## REQUIRED ACTION
All of the data goes into your copy exactly as written. Images do not.

## DATA SEGMENT
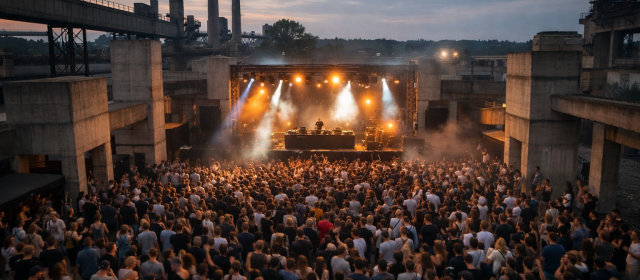 Lovefest arriva a Napoli: Sven Väth e Traumer all’Ex Base NATO il 16 maggio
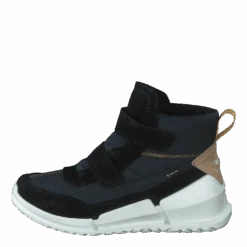 Ecco Biom K Black/beige(Ecco Ecco Biom K Black Beige)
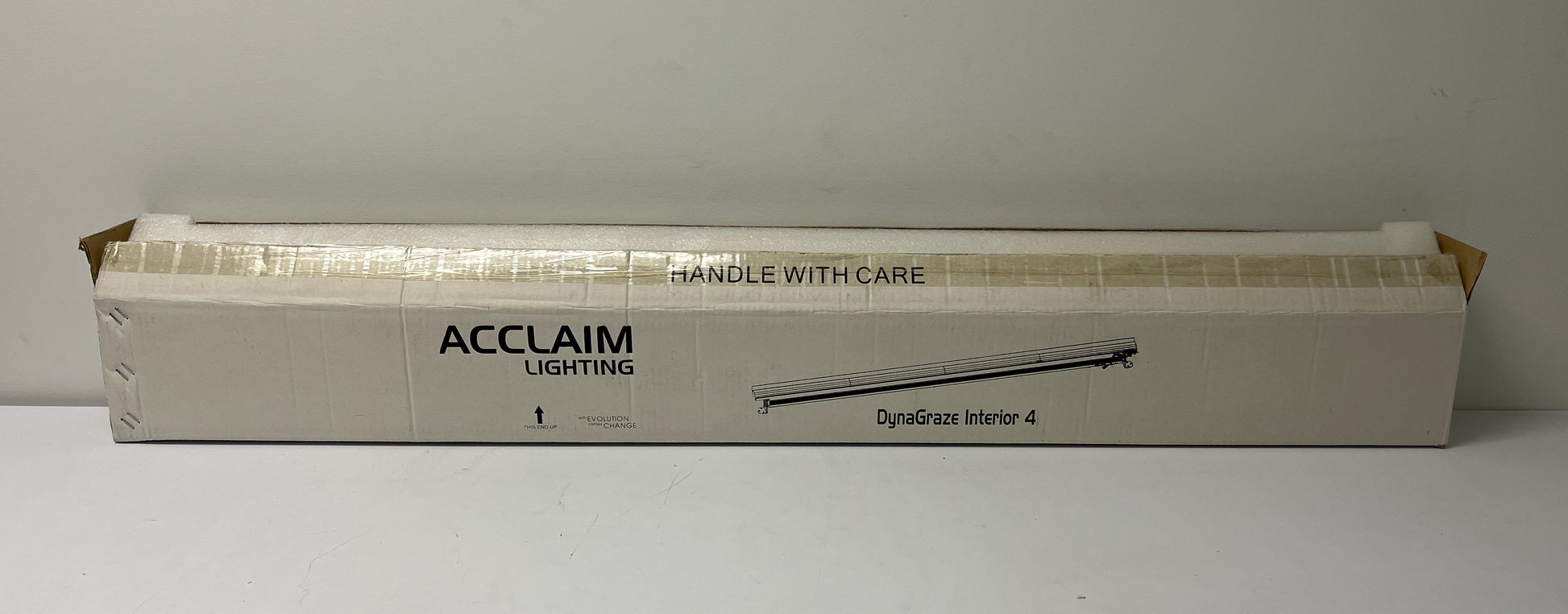 Acclaim DynaGraze 4 Interior 4' LED, Acclaim LED Light Bar, 4 foot Interior LED Light Bar, 48" Interior LED Light Bar, We Sell Professional Audio Equipment. Audio Systems, Amplifiers, Consoles, Mixers, Electronics, Entertainment, Live Sound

## YOUR SOLUTION
 Lovefest arriva a Napoli: Sven Väth e Traumer all’Ex Base NATO il 16 maggio
 Ecco Biom K Black/beige(Ecco Ecco Biom K Black Beige)
 Acclaim DynaGraze 4 Interior 4' LED, Acclaim LED Light Bar, 4 foot Interior LED Light Bar, 48" Interior LED Light Bar, We Sell Professional Audio Equipment. Audio Systems, Amplifiers, Consoles, Mixers, Electronics, Entertainment, Live Sound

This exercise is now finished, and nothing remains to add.